ウグリュモフ副会長は独『ハンデルスブラット』紙の取材に対し、ATF開発の方向性として、(1)燃料被覆材の耐熱化(2)クロム・ニッケル・モリブデン合金製の被覆管採用(3)複合材製の被覆管採用(4)燃料材料の改良――の4つがあるとした。そのうえで、(1)は近く試験炉で実用テストを実施し、来年か再来年には商業ベースに乗るとの見通しを示した。
さらに、「原子力発電の安全性をめぐる問題は複雑で、『人的要因』が大きい」としながらも、「ATFの導入が成功すれば、大規模事故の心配はない」と自信を示した。
しかし、ロシアの環境保護活動家であるスリヴャク氏は、「ATF開発に出遅れたロスアトムが、他社に先駆けて『成功間近』を発表しても、すんなりとは信じられない」とコメント。そのうえで、使用済み核燃料の最終処分の問題が解決されない以上、原発が安全とは言えないと語った。
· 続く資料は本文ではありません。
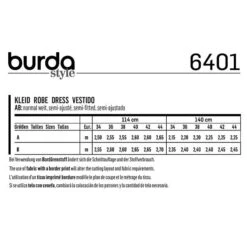 Dress, Burda 6401 | 34 - 44 -Tailor Supplies Sales Store ZB10 46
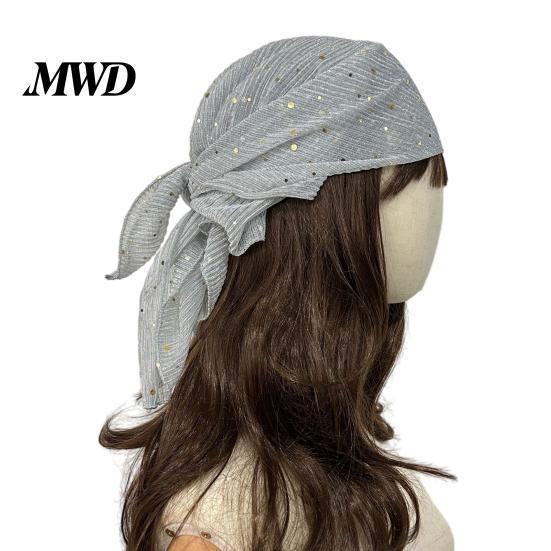 Sequin Headscarf Headscarf, Multi-Purpose Turban Headband Square Scarf, Adjustable Multi-purpose Scarf Strap Bohemian Style Head Wrap for Travel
ATF開発には米国のウエスチングハウスやゼネラルエレクトリック(GE)、仏フラマトム(旧アレバ)が乗り出しており、2025年の市場供給開始を目標にしている。
世界の電源構成に占める原子力の割合は過去20年間で18%から10%へ縮小したが、ロシアは今後、現行の18.9%から20~30%へ引き上げる方針だ。また、現在35カ所にある原子力発電所に加え、約20カ所に新設する計画を掲げる。
独シーメンスなどの競合が原発事業から撤退しているのを受けて、ロスアトムは国外でも事業を拡大する狙いで、ロシア政府による積極的な建設融資を後ろ盾に営業を展開している。
トゥヴェルは世界第3位、シェア17%の核燃料メーカーで、世界14カ国の原子炉72基に燃料を供給する。